Thank you, residents of Minneapolis, for your quiet neighborhoods on the edge of the airport, and one block away from freeways, and perched along the Mississippi River.
Thank you for your tidy houses, garages and bedrooms under construction, wobbly handrails, broken doorbells and welcoming porches.
Thank you for your autumn flower beds in russet, white and yellow, for your carved Halloween pumpkins (now left as food for squirrels), for your bright entry lights and your darkened alcoves.
Thank you for your neatly swept sidewalks and sidewalks covered in yellow leaves that whispered underfoot.

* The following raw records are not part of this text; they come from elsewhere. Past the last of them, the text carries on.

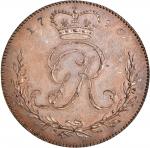 GOLD COAST. Ackey Struck in Bronzed Copper, 1796. NGC PROOF-66.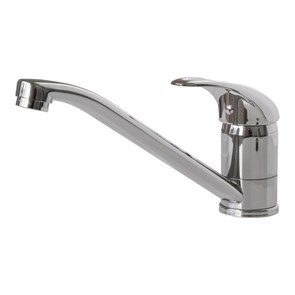 Смеситель для кухни 40к F4202-B FRAP (выс.пов.излив, п/шпильку, хром, силумин) F4202-B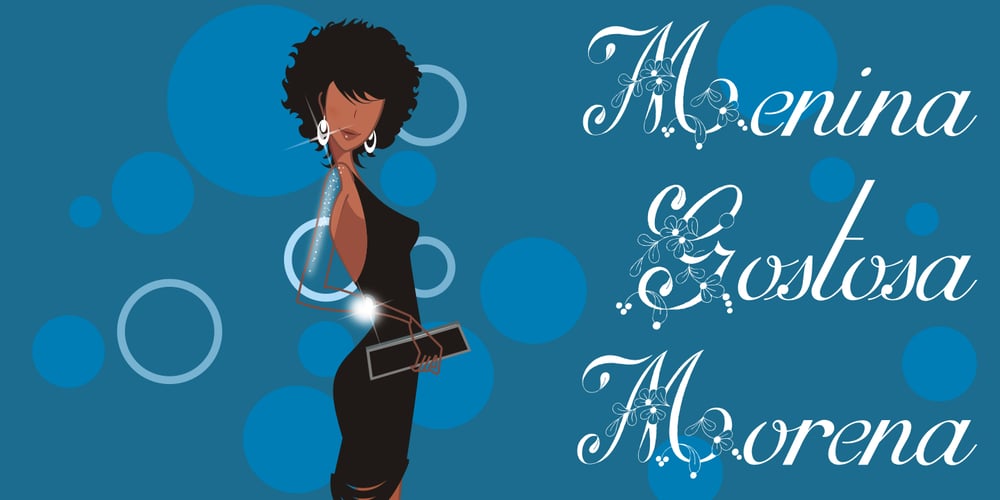 Menina Gostosa font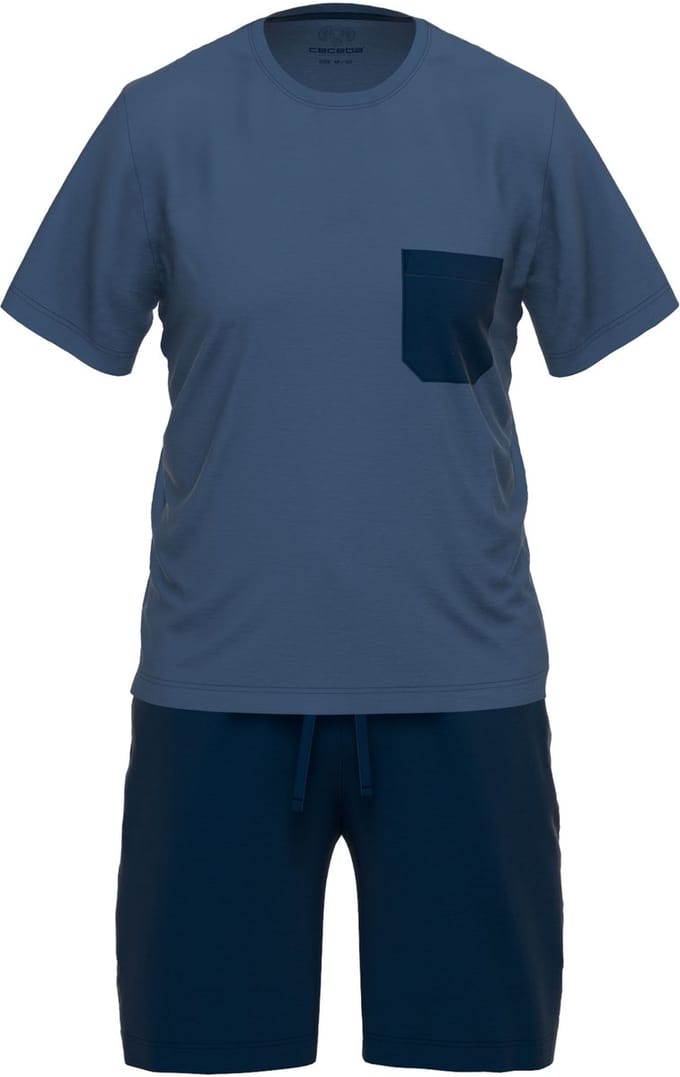 CECEBA Bamboo - Heren Pyjama korte broek - Blauw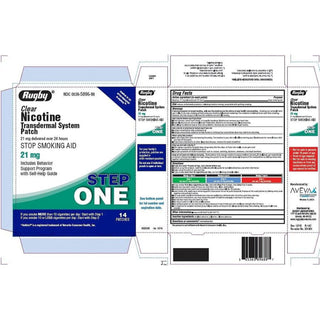 Rugby Step 1 Clear Nicotine Transdermal Patch 21 Mg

Thank you for your lawn art created from hardware and found objects and cement, your painted birdhouses and beckoning Adirondack chairs, your solar-powered path lights and whimsical door knockers.
Thank you for supporting your corner churches with the stately steeples and the hardware-store-turned-church, and the Chinese takeout, and the aquarium store, and the auto-body shop tucked at the intersection.
Thank you for your furry family members, who watch from your windows and answer your doorbells, the lively dogs and inquisitive cats, and that quiet Golden Retriever who kept silent watch out your front door.
Thank you for your candidate lawn signs, school referendum signs, rainbow signs of welcome, construction signs, mosquito-control signs, your Little Free Libraries, and even for the scary zombies erupting from your front lawns.